YOUR ASSIGNMENT
Every line containing the word "design" must be pulled from the records.

Recorded data
_ _ _ _ _

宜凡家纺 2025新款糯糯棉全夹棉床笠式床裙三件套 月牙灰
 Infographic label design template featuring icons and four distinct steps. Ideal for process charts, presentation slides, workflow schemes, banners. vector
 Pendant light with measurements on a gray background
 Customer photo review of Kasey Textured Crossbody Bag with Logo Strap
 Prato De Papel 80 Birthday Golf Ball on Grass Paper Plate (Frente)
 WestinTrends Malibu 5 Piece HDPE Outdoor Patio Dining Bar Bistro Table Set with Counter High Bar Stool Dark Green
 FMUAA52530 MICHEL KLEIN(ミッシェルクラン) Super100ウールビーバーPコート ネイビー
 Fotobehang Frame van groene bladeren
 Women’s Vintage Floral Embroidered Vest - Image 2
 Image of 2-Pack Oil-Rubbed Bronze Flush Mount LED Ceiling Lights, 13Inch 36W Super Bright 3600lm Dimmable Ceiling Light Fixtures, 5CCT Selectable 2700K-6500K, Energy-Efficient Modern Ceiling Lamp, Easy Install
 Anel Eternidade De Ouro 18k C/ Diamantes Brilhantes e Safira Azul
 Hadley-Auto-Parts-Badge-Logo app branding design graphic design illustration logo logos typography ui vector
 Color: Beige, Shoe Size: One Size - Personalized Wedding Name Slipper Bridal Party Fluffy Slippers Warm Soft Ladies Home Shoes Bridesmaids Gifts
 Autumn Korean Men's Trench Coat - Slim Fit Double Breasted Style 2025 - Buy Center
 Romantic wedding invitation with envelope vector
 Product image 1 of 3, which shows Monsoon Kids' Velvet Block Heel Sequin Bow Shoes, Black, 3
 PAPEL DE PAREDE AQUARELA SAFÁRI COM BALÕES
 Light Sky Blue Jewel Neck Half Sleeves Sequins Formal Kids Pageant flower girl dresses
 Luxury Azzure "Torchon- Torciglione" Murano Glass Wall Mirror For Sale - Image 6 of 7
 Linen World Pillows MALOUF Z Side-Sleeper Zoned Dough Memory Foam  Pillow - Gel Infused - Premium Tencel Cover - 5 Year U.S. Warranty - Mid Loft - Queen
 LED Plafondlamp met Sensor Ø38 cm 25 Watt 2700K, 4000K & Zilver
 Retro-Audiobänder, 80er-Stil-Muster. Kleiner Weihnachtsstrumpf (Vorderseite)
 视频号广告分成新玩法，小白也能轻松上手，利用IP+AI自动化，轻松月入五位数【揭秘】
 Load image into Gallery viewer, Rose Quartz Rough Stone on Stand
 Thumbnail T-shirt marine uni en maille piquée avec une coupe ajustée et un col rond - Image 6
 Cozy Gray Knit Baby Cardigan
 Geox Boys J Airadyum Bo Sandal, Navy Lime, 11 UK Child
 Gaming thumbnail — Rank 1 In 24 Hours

_ _ _ _ _

WRITTEN ANSWER
 Infographic label design template featuring icons and four distinct steps. Ideal for process charts, presentation slides, workflow schemes, banners. vector
 Hadley-Auto-Parts-Badge-Logo app branding design graphic design illustration logo logos typography ui vector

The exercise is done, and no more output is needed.